Was there anything upon this certificate to take it out of the general rule and render it non-negotiable? It is argued that the provision that it should be payable “on return of this certificate properly indorsed” destroys its negotiability. That, however, was the language of the certificate in First Nat. Bank v. Security Nat. Bank, supra, and such certificates were there treated as negotiable paper. It has, indeed, been frequently said that the stipulation for the return of the certificate adds nothing to the instrument. It is merely the expression of a rule which applies to all negotiable paper, and an action may be maintained without a previous presentment. This question was thoroughly considered in the case last cited. As to the requirement *492that it should be properly indorsed, it would seem that an indorsement by the payee would not be necessary. A “ proper” indorsement is such an indorsement as-the law merchant requires in order to authorize a payment to the holder. If presented by the original payee, no indorsement would be proper or at least necessary; if presented by another, “proper indorsement” to show his title would be requisite. We do not think that this provision operates as a condition destroying the negotiability of the instrument.
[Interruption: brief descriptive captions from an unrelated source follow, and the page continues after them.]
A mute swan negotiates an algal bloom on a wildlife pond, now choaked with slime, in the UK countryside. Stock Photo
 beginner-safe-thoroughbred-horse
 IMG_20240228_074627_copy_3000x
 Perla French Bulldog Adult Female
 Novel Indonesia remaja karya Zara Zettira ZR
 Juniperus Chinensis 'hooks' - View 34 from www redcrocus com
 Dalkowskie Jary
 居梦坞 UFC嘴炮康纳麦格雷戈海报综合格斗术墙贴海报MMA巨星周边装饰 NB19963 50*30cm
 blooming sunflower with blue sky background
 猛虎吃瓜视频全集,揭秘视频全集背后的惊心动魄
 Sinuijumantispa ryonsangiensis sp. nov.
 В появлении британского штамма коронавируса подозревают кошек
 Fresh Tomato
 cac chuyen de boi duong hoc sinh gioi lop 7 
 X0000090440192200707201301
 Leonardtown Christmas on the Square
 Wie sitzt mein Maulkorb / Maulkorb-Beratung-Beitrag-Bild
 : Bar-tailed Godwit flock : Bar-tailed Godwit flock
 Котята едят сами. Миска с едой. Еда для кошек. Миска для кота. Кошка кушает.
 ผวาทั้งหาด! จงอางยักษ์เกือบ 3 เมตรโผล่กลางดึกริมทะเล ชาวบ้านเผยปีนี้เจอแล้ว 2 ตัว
It is next said that the amount of payment is uncertain' and the instrument for that reason non-negotiable. This argument is predicated chiefly upon the provision that the certificate is payable “ in current funds.” We are aware that many courts have held that such a clause does not require payment in money, and destroys the negotiability of the instrument. The cases so holding are either cases arising at a time when many forms of bank notes and bills were in use, varying in their values, or cases decided upon the authority of that class wilhout regard to changed conditions. With regard to existing conditions we think the supreme court of the United States has declared the law correctly in Bull v. Bank of Kasson, 123 U. S., 105, as follows : “ Within a few years, commencing with the first issue in this country of notes declared to have the quality of legal tender, it has been a common practice of drawers of bills of exchange or checks, or makers of promissory notes, to indicate whether the same are to be paid in gold or silver, or in such notes; and the term current funds’ has been used to designate any of these, all being current and declared by positive enactment to be legal tender. It was intended to cover whatever was receivable and current by law as money, whether in the form of notes or coin. Thus construed, we do not think the negotiability of the paper in question was impaired by the insertion of those words.” This also is the doctrine of the court of appeals' • *493of New York (Pardee v. Fish, 60 N. Y., 265); and the supreme court of Illinois has held that a check so drawn entitles the holder to demand coin or its equivalent. (Galena Ins. Co. v. Kupfer, 28 Ill., 332.) We are satisfied with the reasoning of these cases as against the contrary authorities, and therefore hold that a provision for payment in current funds is in effect for payment in money, and that such an instrument, if having the other requisites, is negotiable.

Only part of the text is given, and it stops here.